Palak Gosht (Spinach & Meat Curry)

Palak Gosht (Spinach & Meat Curry)

This deliciously comforting curry consists of creamy spiced spinach and tender meat that are bursting with beautiful spices. Deceptively simple yet exploding with gorgeous flavours.

 

This curry represents all that is beautiful in traditional desi home cooking and is a classic curry that is found all over Pakistan as well as India and for me, as well as many others, this curry is pure delicious home comfort. Simple ingredients cooked with love that are exploding with deliciousness!

 

 

The combination of the creamy earthy spinach with the tender meat, which can be lamb, mutton or goat, cooked down with beautiful whole spices such as cinnamon, black cardamom, cloves and cumin seeds as well as ground spices like cumin, turmeric and coriander, dried fenugreek and garam masala gives this curry such a comforting aromatic feel and with a bowl of rice is just like a warm hug in which you forget everything and just enjoy the tantalizing flavours on your tongue which then spread to a beautiful warmth through out your body! Ok so you get the picture, I love palak gosht!
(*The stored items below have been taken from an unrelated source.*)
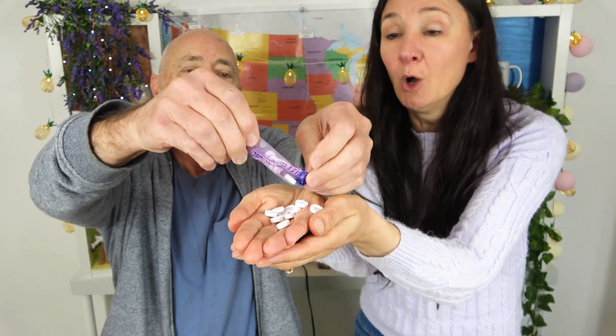Uncle Brian also sent Swizzles Parma Violets, but we've actually had these before - he sent them last time. Last time they came in a roll and were the big ones. Original Parma Violets - we have tried these, you like Parma Violets. I love them. It is the cutest little packet you've ever seen. I love eating perfume - I love them. Kids are going to knock on our door at Halloween - oh, and you're going to give them away? Probably not.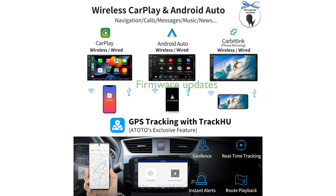The ATOTO S8G2A74SD also benefits from continuous firmware updates, ensuring the system remains up-to-date with the latest features and improvements.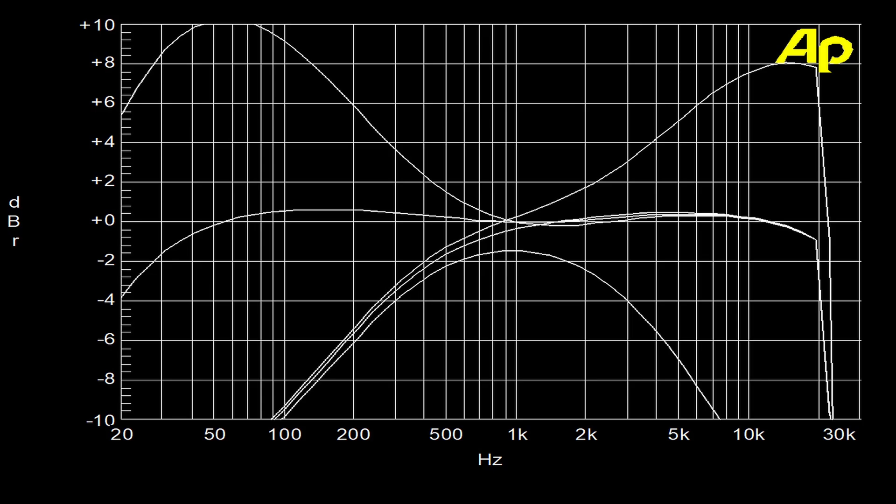Here we see the impact of the tone controls. The flat line in the middle is with the controls at their flat position. We still have that filter right before 20 kHz, depicting digital processing inside the box. My suspicion is that the bass and treble filters are digitally processed — fairly wide shelving filters centered around one kilohertz, with approximately 10 dB of boost capability and a little more than 10 dB of cut. In usage, I find the tone controls work quite effectively for sweetening the sound.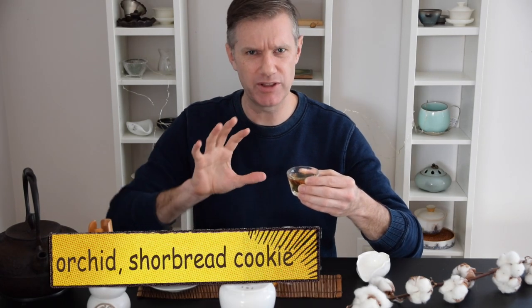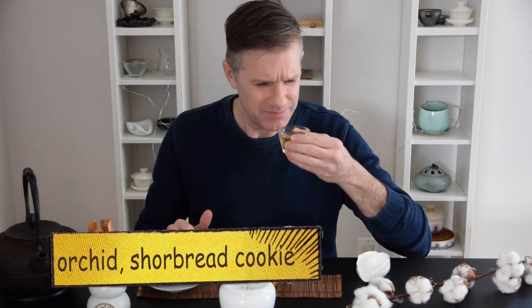Just look at that beautiful gold liquor color, clear and bright. A wonderful mixture of orchid with that roasty, almost baking shortbread smell — the smell you would get in the kitchen while cookies are baking. That's the roasting coming through. It's not a smoky roast; it's more of a sweet roast that infuses all the flavors together.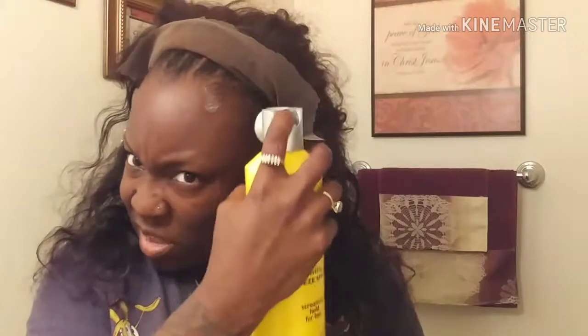Now I'm about to do the freeze spray. I know that's going to be kind of strong. Oh, that stuff is strong! Good Lord. I asked my partner to bring my blow dryer down, so I'm waiting on my blow dryer.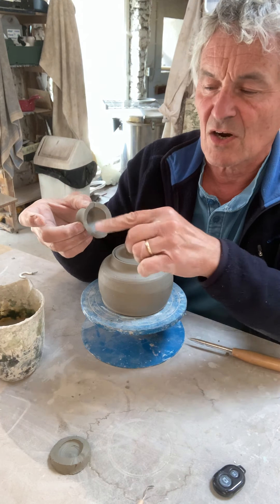Now we're going to use some slip. Slip is clay and water, nice and thick, and we're going to put that onto the spout.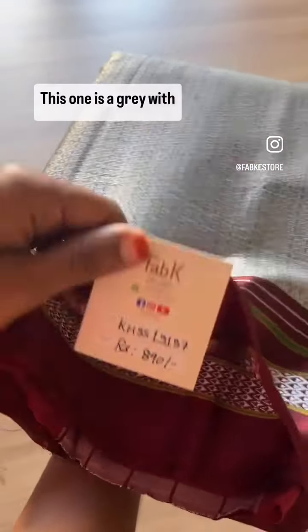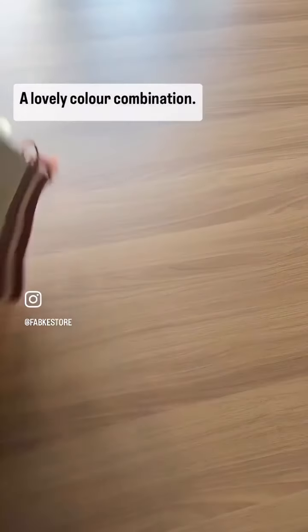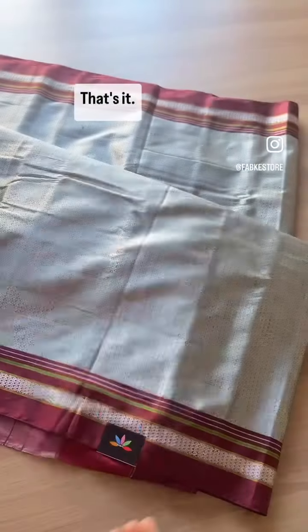This one is a gray with brown — a lovely color combination, not a common color combination though. That's the overall view. That's it, thank you.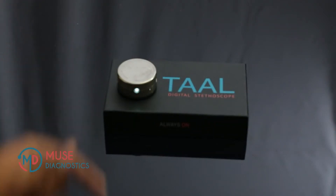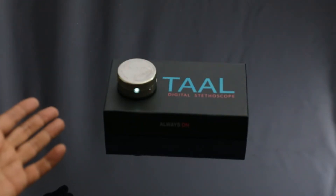Hello everybody, this is the Tal Digital Stethoscope and I'm going to show you how to record body sounds quickly.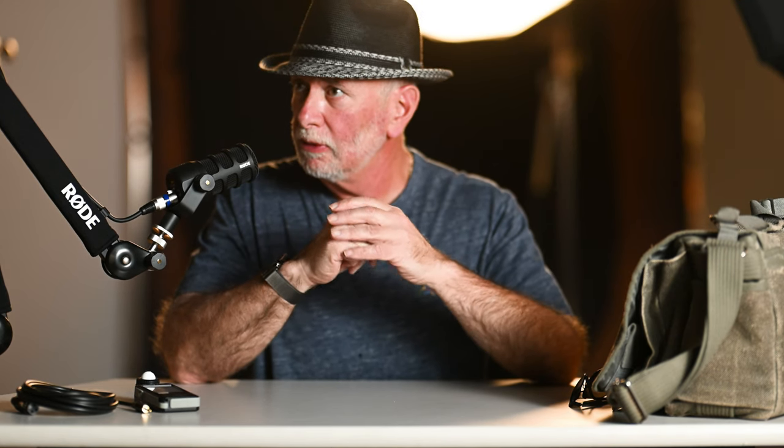Hey everybody, this is Joe. I have a Q3 and I set it up in studio on a tripod with a flash trigger, and I did some selfies at a pretty decent distance away so I would not be distorted, stretched and pulled. Lord knows I'm distorted enough and I don't really need any more.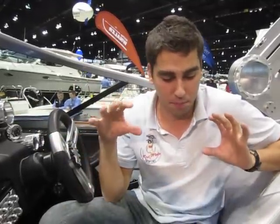Trevor Duke with First Mate Yacht here at the Chicago Boat Show. We're at MasterCraft's booth right now and we are on the Parks Edition.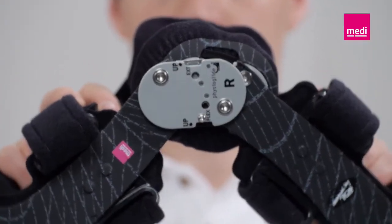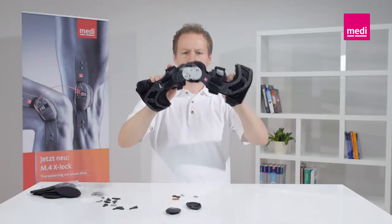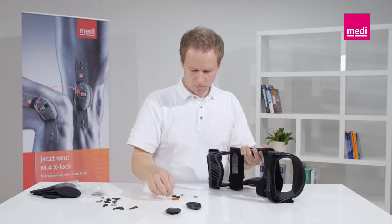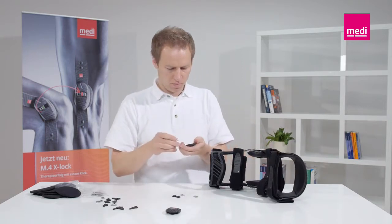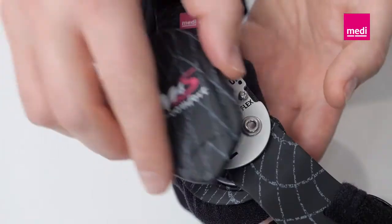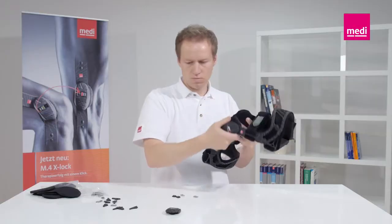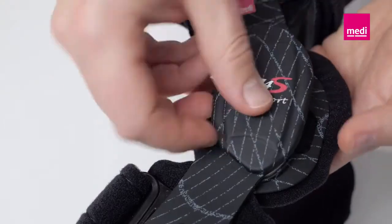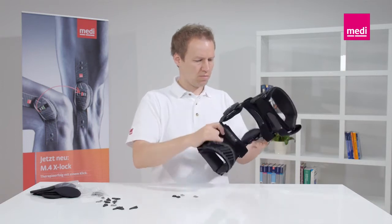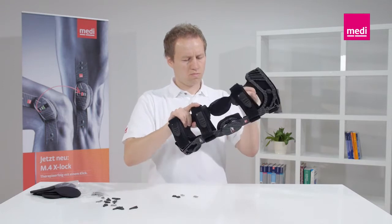Now move the orthosis hinges and check the right position. Click the tweezers back into their holder and then secure the hinge covers by hooking the two tabs on the hinge cover into the front of the hinge and then pressing the cover onto the hinge. An audible click confirms it fits securely. Then move the hinge of the orthosis and check that it functions properly.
And I hope this recipe gives you the same delicious comfort as it does to my family and I!

 

 

Palak Gosht (Spinach & Meat Curry)

June 15, 2019
: 4
: 10 min
: 45 min

This deliciously comforting curry consists of creamy spiced spinach and tender meat that are bursting with beautiful spices. Deceptively simple yet exploding with gorgeous flavours.

By:

Ingredients
  • ½ cup ghee/oil
  • 2 bay leaves
  • 1 cinnamon stick, broken into pieces
  • 8 cloves
  • 2 black cardamom pods
  • 1 cup (1 large) onion, finely sliced
  • 1 ½ tbsp cumin seeds
  • 1 tbsp garlic paste
  • 1 tbsp ginger paste
  • ½ tbsp cumin powder
  • ½ tbsp coriander powder
  • ½ tsp turmeric powder
  • 1 tsp Kashmiri chilli powder
  • 1 tsp salt
  • 500g lamb, mutton or goat, diced on the bone or boneless
  • 1 cup (225g) passata / blended tomatoes
  • 500g spinach
  • 2 – 4 green chillies
  • ¼ cup single cream
  • 1 tbsp dried fenugreek (kasuri methi)
  • 1 tsp garam masala
Directions
  • Step 1 Heat ghee and add the bay leaf, cinnamon, cloves and black cardamom pods. Gently stir until they start to release their aroma.
  • Step 2 Add the onions and fry until they become golden.
  • Step 3 Move the onions to one side of the pan and on the other side add the cumin seeds, allowing them to gently roast for a few seconds.
  • Step 4 Add garlic and ginger paste, stirring and mixing everything thoroughly.
  • Step 5 Add the cumin powder, coriander powder, turmeric, Kashmiri chilli powder and salt and allow to cook out, approximately 1 – 2 minutes.
  • Step 6 Add the meat and stir in the onion mixture allowing the meat to slightly brown on the outside.
  • Step 7 Add the passata / blended tomatoes and bring the mixture to boil. Turn the heat to medium low, cover the pan and allow to cook for 15 minutes.
  • Step 8 Meanwhile, blanch the spinach in boiling water for 2 – 3 minutes.
  • Step 9 Alongside the green chillies, blitz the blanched spinach to a smooth paste.
  • Step 10 Add the spinach mixture and cream to the curry, bring to a boil and then cover with a lid and allow to cook on low medium until the meat is tender and the ghee/oil starts to separate.
  • Step 11 Add the dried fenugreek and garam masala, ensuring it is thoroughly mixed through and then immediately take the curry off the heat.